Segment Start: Extracted information

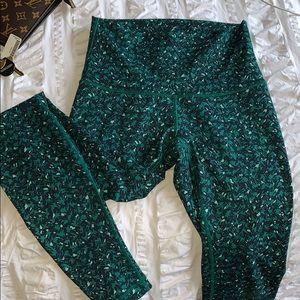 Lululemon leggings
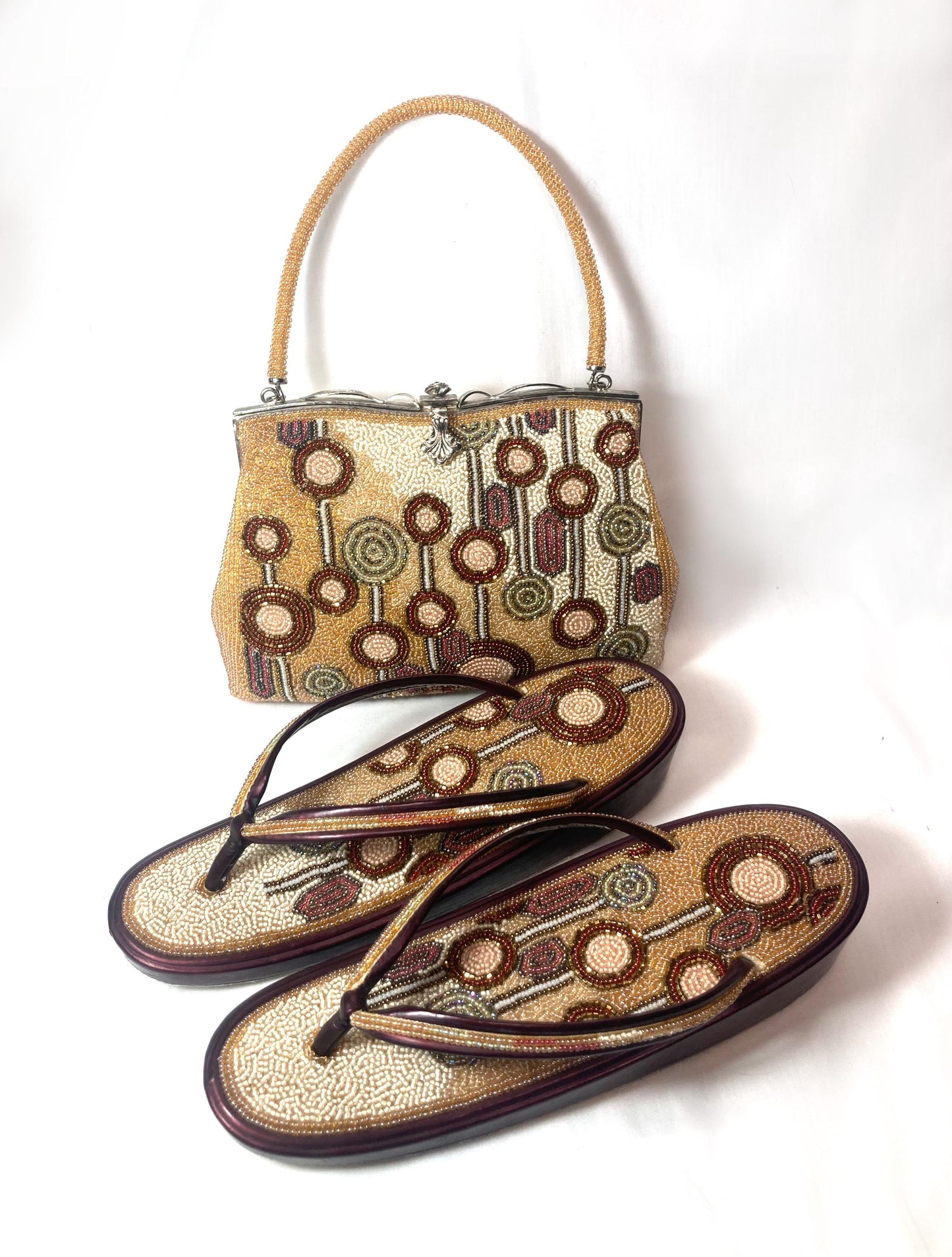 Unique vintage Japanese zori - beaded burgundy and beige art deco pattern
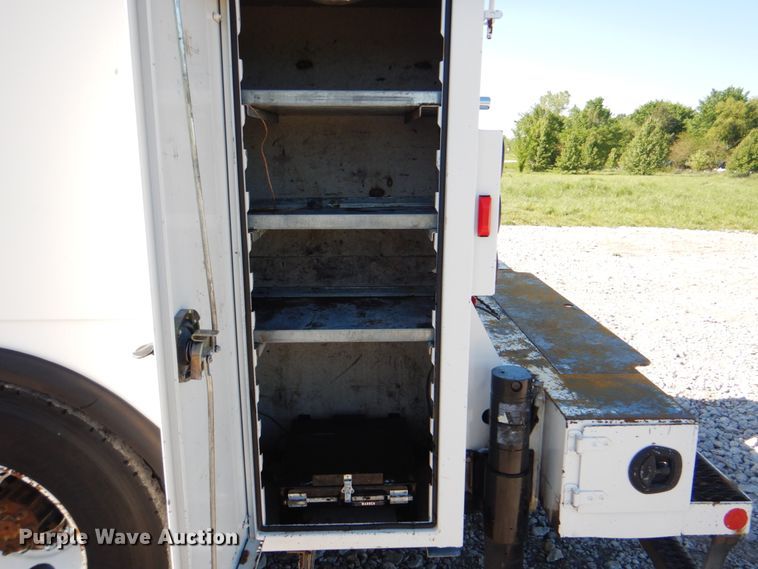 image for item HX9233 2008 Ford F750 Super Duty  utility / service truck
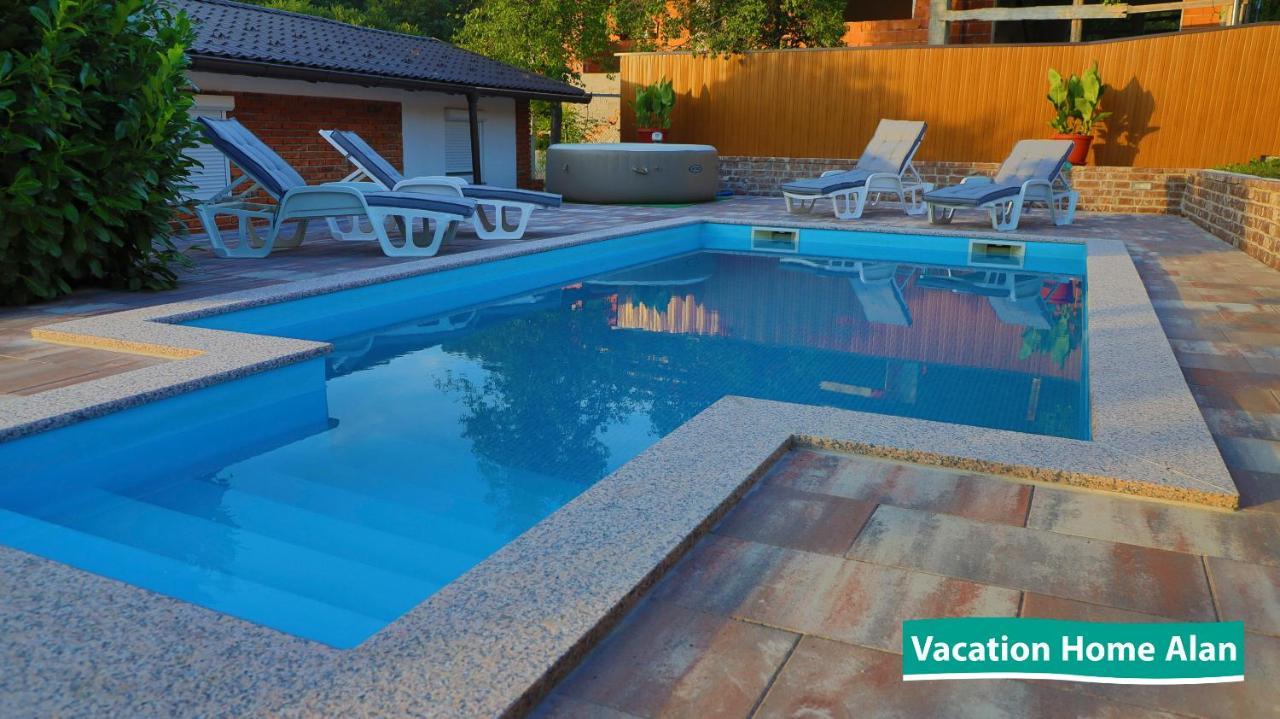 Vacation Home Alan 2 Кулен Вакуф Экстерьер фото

Segment End: Extracted information
Segment Start: Extracted information

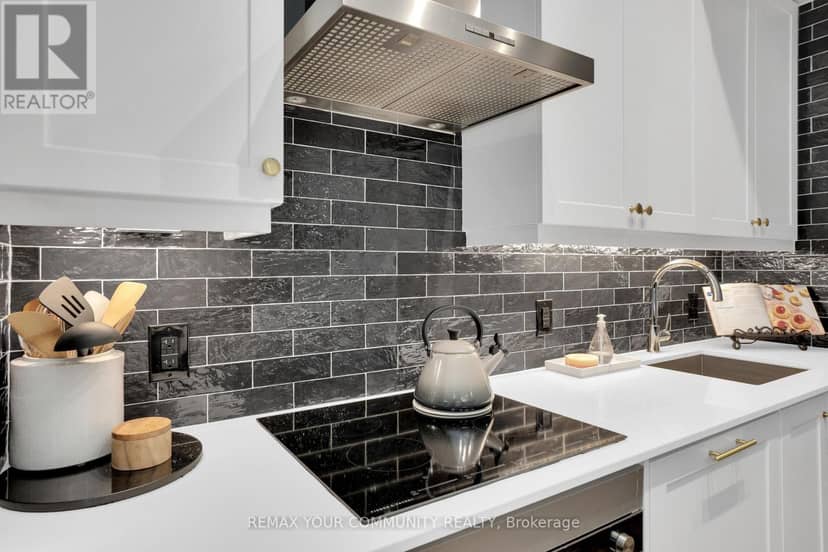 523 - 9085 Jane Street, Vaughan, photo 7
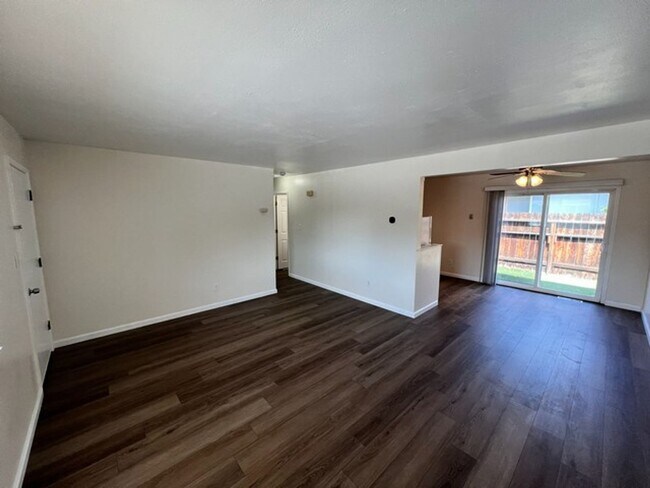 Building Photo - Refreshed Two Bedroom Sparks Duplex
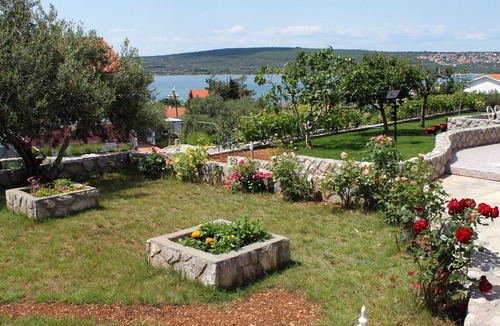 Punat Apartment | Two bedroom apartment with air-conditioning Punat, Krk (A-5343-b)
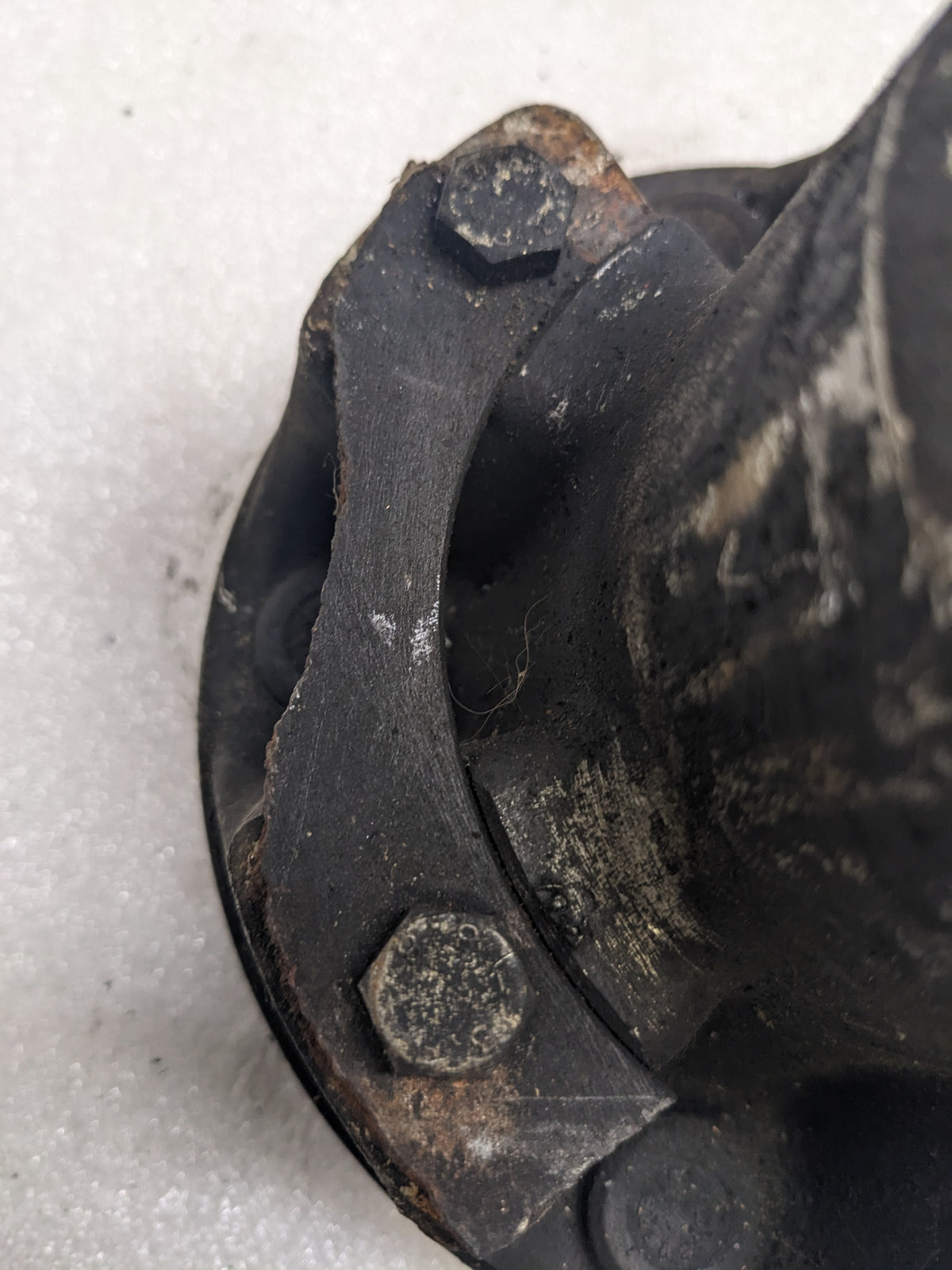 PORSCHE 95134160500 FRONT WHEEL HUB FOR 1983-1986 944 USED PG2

Segment End: Extracted information
Segment Start: Extracted information

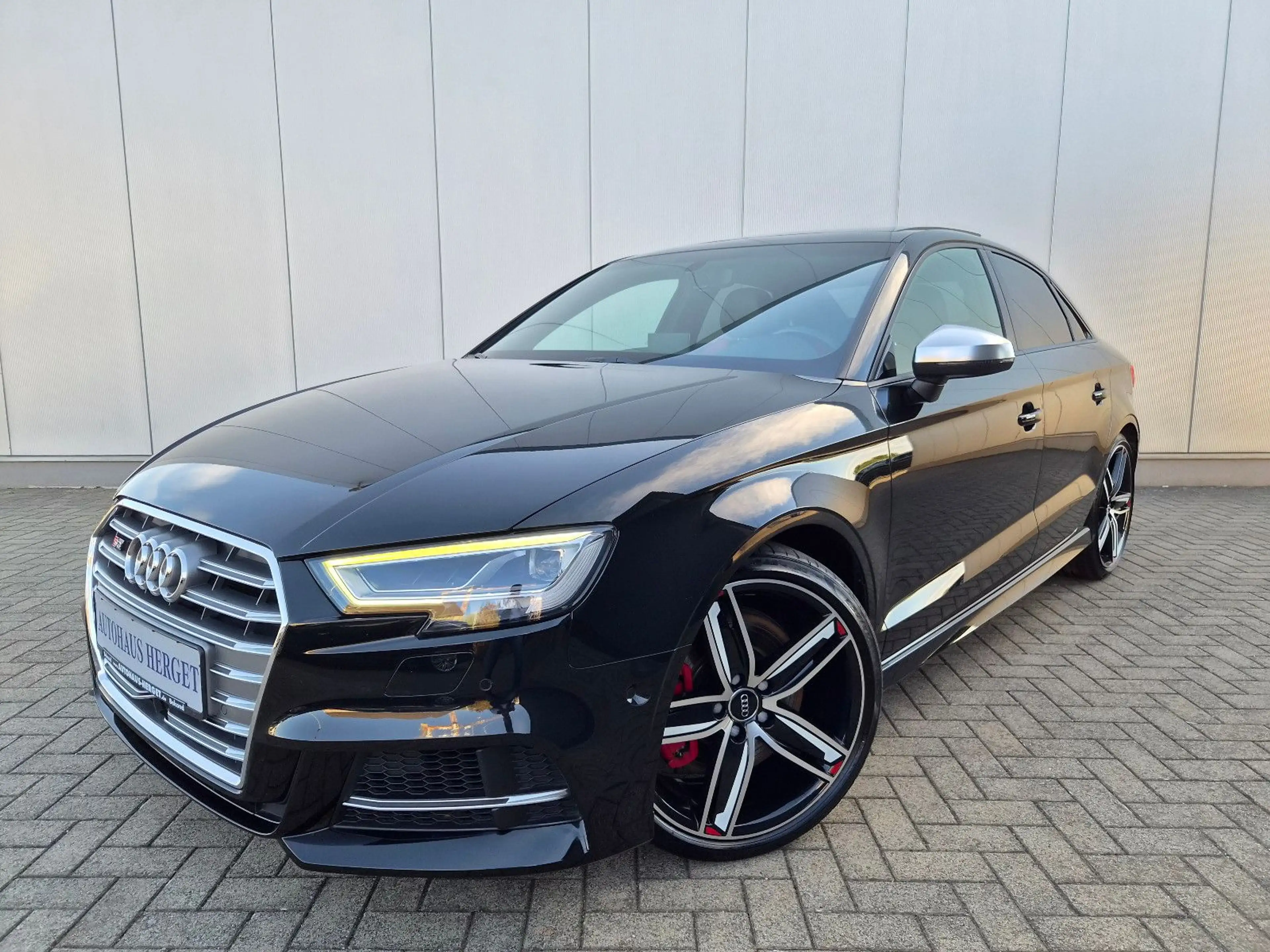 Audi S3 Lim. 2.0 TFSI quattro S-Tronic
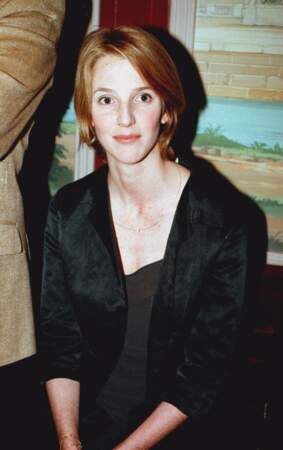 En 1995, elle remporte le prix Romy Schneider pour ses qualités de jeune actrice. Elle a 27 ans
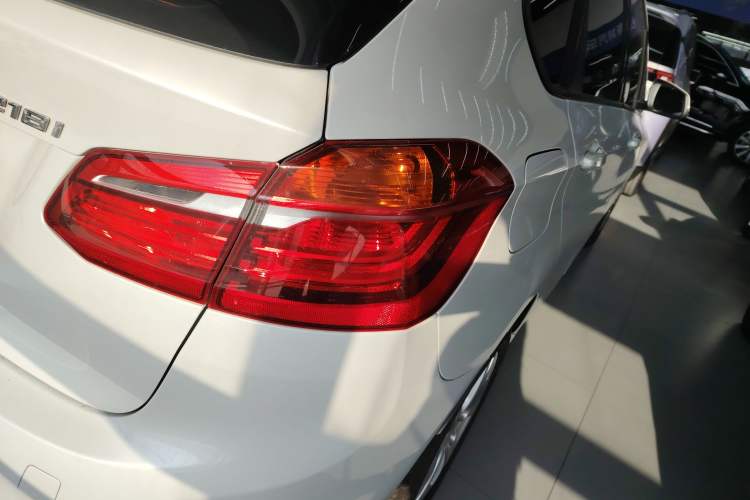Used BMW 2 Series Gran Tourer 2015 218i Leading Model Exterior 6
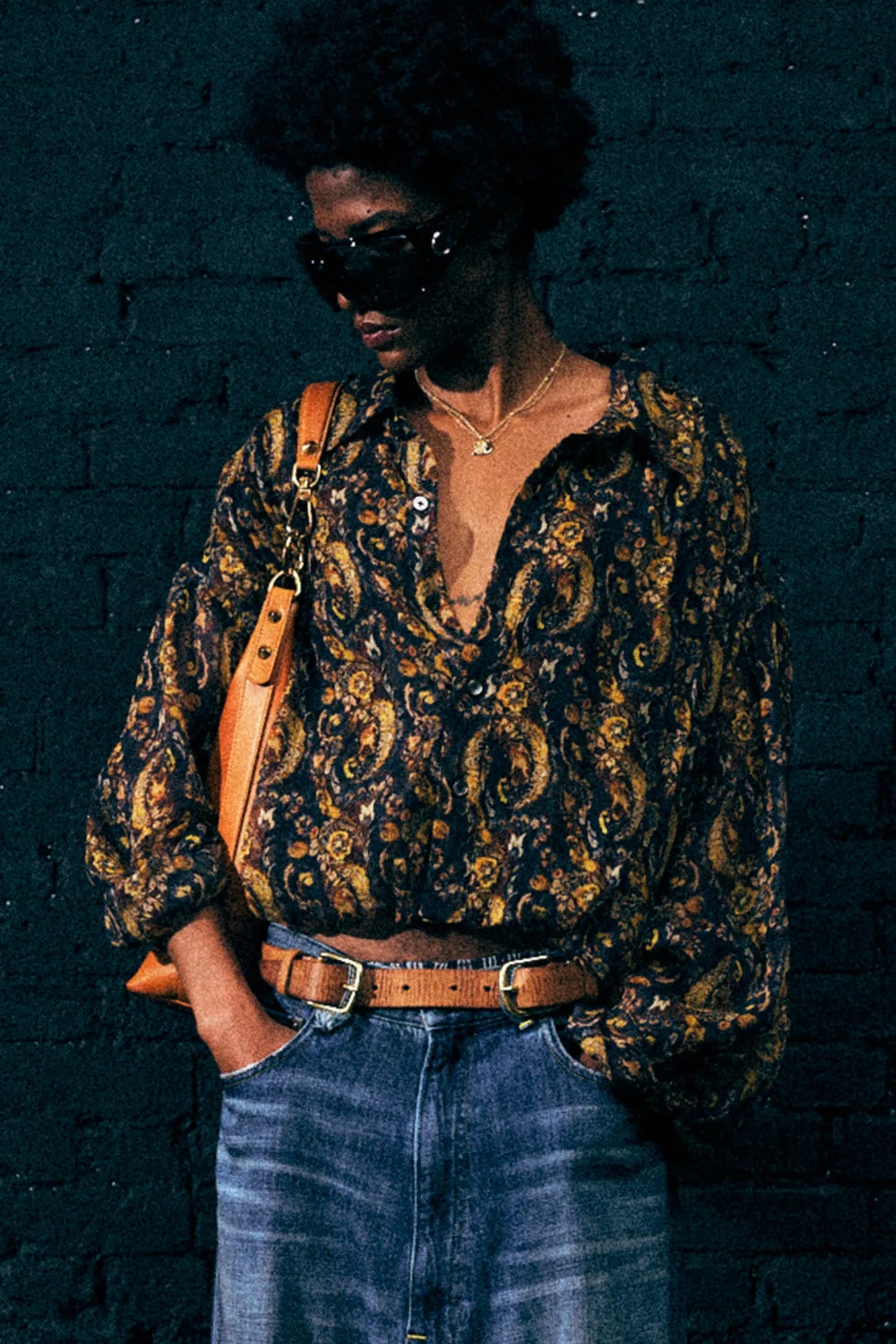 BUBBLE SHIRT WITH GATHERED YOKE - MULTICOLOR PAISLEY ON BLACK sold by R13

Segment End: Extracted information

### Exercise prompt
Look above for the line with "Lululemon leggings" and the line with "Vacation Home Alan"; set down those two lines and all lines between them exactly, without pictures and without anything else.

### Solution to this problem
 Lululemon leggings
 Unique vintage Japanese zori - beaded burgundy and beige art deco pattern
 image for item HX9233 2008 Ford F750 Super Duty  utility / service truck
 Vacation Home Alan 2 Кулен Вакуф Экстерьер фото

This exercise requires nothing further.